What you will do >>
Print, exactly and with no pictures, the line containing "Coltello in acciaio inox da 150 mm - 3" and each line after it to the end of the entries below.

* * * * * * *

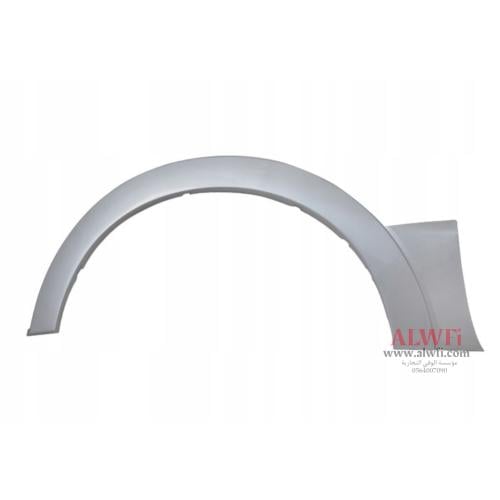 فيبر رفرف امامي يسار صيني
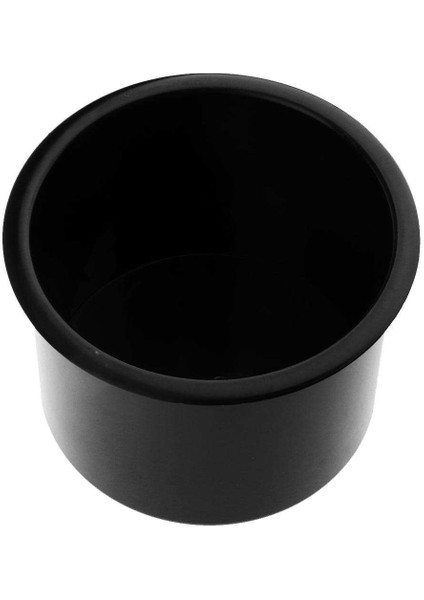 Evrensel Deniz Araba Kamyon Camper Rv Kupası Içecek Tutucu Depolama Siyah fırsatları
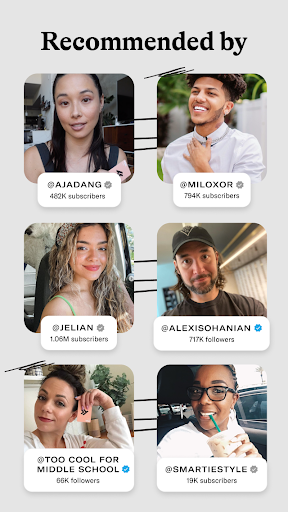 Tilt: Cash Advance & Credit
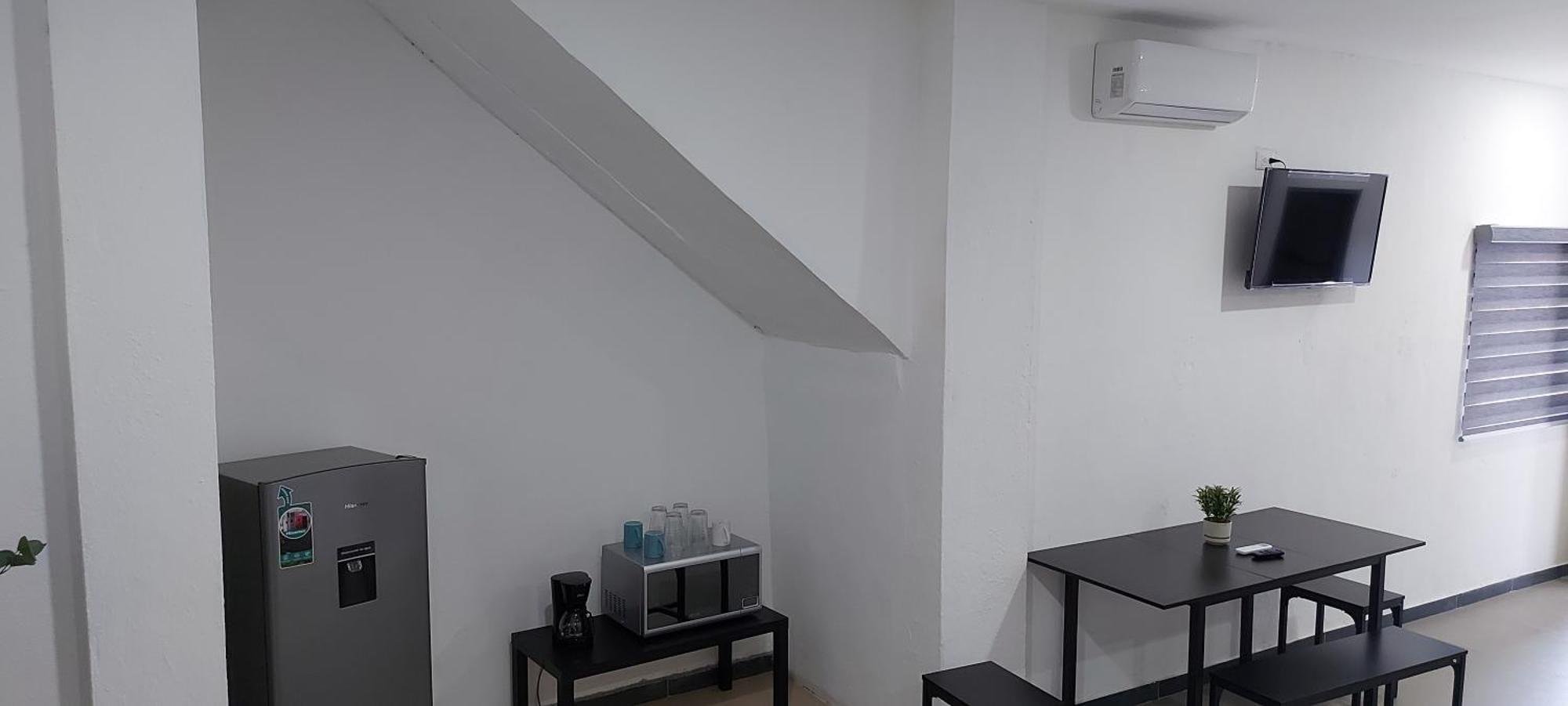 Casa Rayon Aparthotel Tuxpan  Kültér fotó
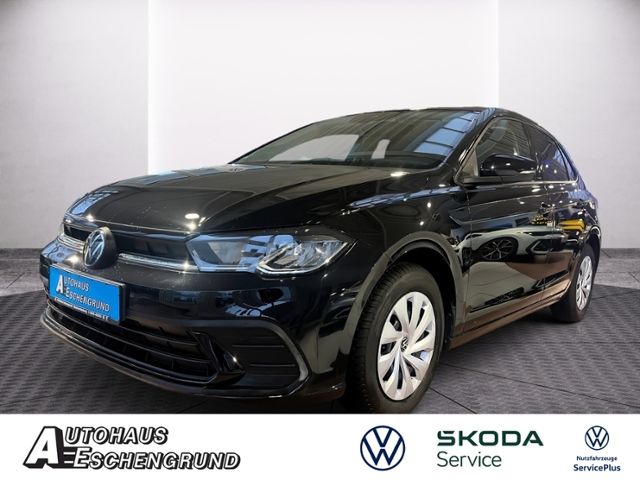 Volkswagen Polo 2022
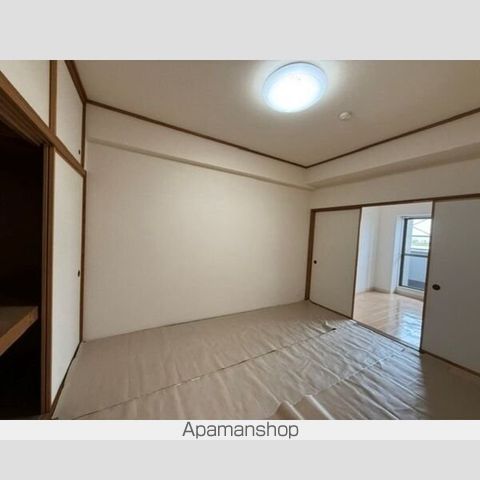 アークハイム新潟の内装写真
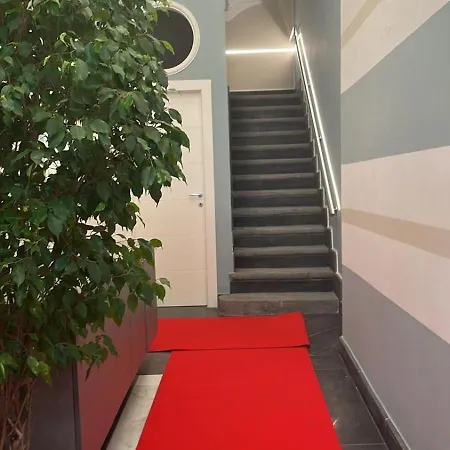 Palazzo Chinial فندق مبيت وإفطار توري دل غريكو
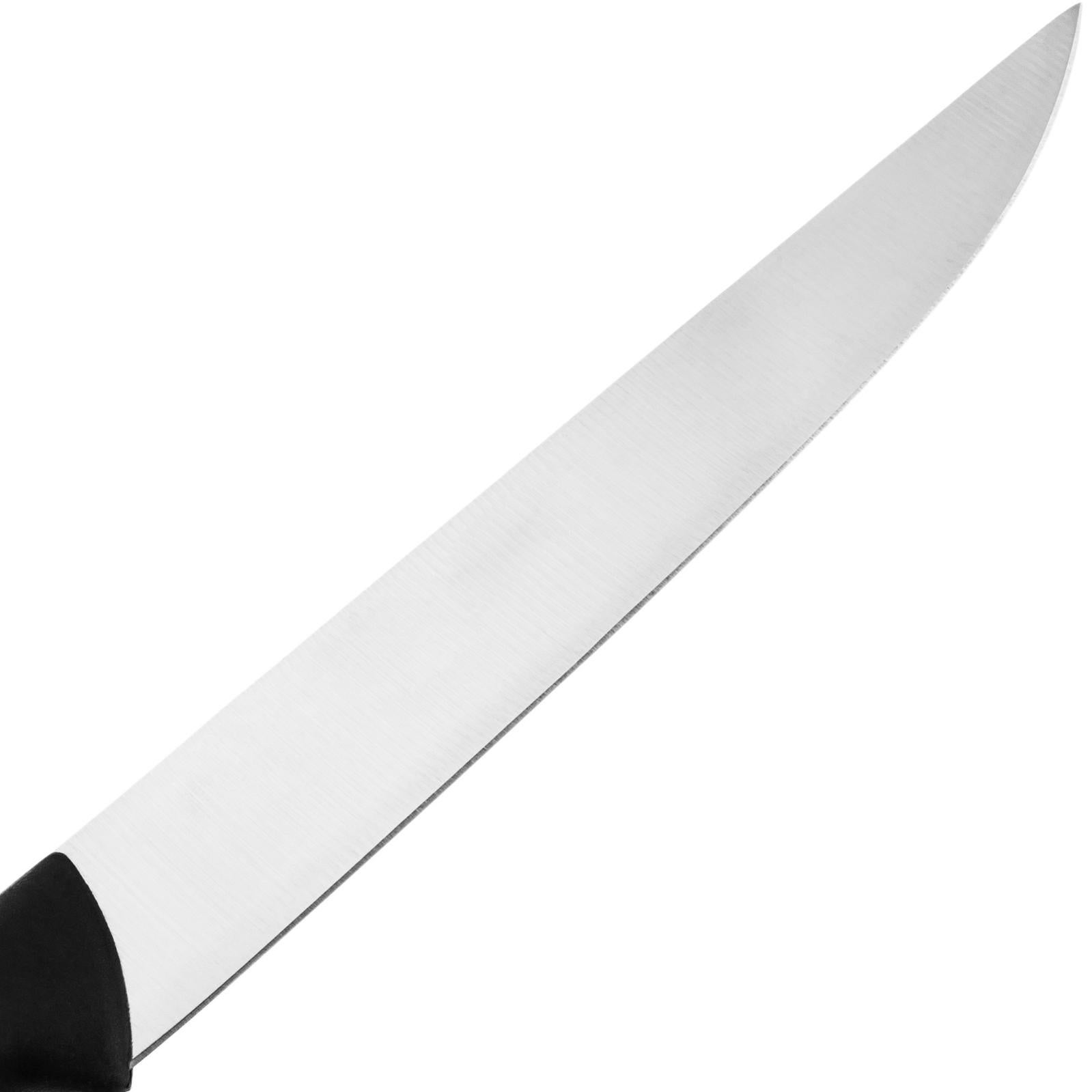 Coltello in acciaio inox da 150 mm - 3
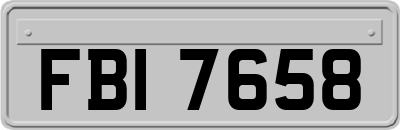 FBI7658
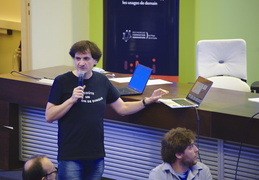 Journée spéciale Atlanstic 2020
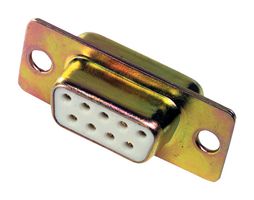 SPC15411 - 9 Pin D-Sub Socket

* * * * * * *

Exercise output >>
 Coltello in acciaio inox da 150 mm - 3
 FBI7658
 Journée spéciale Atlanstic 2020
 SPC15411 - 9 Pin D-Sub Socket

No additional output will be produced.